Umbrian Todi is today mostly celebrated as an archetypal medieval hill town. In the thirteenth century, its two poles of power faced off across opposite sides of the main piazza (Platea Maior): the Duomo and bishop's palace to the north, and the civic palaces to the south. Scholars continue to identify the piazza and its surrounding buildings as a near perfect example of Italian medieval communal architecture and urbanism. Its history, however, is not so neat. The Piazza has been the focal point of Todi's public activity for over two thousand years, and during that time has presented many appearances. Since the twelfth to fourteenth centuries, the adjacent palaces, in particular, have been dressed in a variety of styles and have displayed a shifting mix of medieval and Renaissance facades. These transformations reflect Todi's changing social, political and religious aspirations and conflicts.
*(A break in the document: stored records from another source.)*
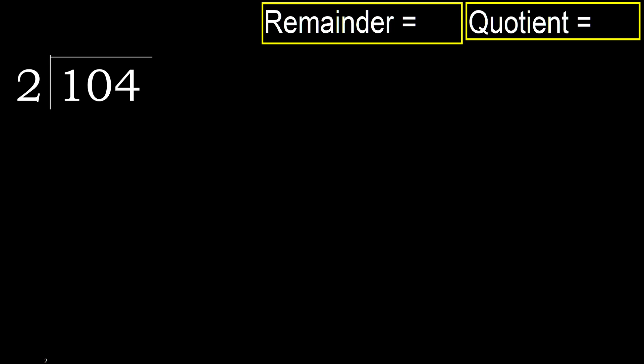104 divided by 2. 1 is less, therefore next.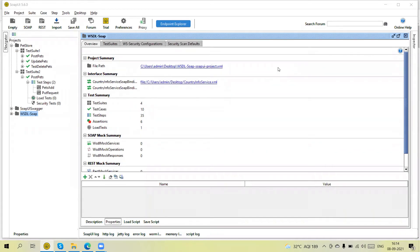Hello guys, welcome back to our YouTube channel. In this tutorial I am going to discuss what is the property transfer in SoapUI, what is the use of that, and then I will also show you how we transfer the properties from one request into another request.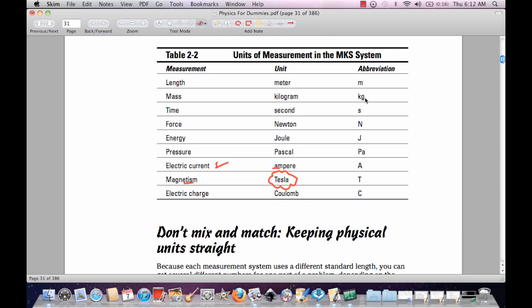So to summarize the abbreviations: M, kg, S, N, J, P, A, T, and C.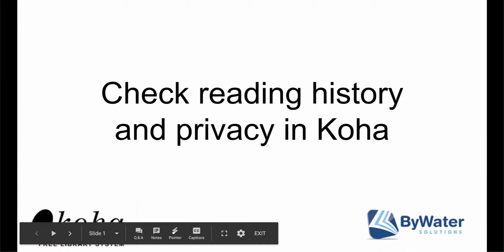Hello, my name is Jessie and in today's session I'm going to show you how to check your reading history and privacy in Koha.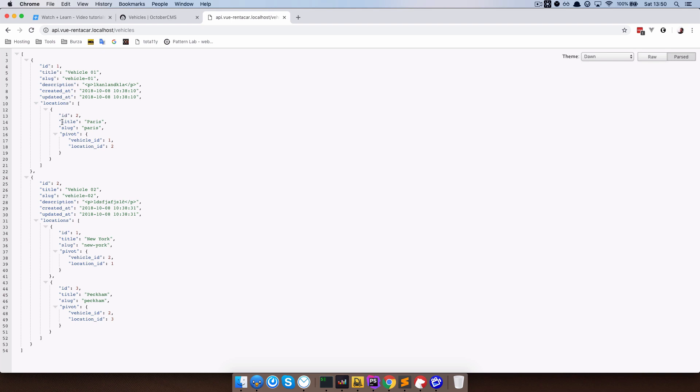But also the locations in which those vehicles will be available. So as you can see for the vehicle one, we just have Paris. And for the vehicle two, we have New York and Peckham. And this is actually it for this episode.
No single building better reflects these changes than the Palazzo dei Priori, which was created in the early-fourteenth century by consolidating several large private residences, and still serves as a seat of local government. Its massive form has long served as the theatrical backdrop for the town's ceremonial life. In the late trecento, the significance of the palazzo was increased by the erection of a large corner tower, overlooking the piazza and marking Todi's most important intersection. Though the facade of the building was updated in the sixteenth century, when Pope Leo X, as overlord of the former commune, authorized a "restoration" in the fashionable High Renaissance style, the tower remained untouched and unrepentantly medieval, a vestigial but prominent reminder of Todi's communal era.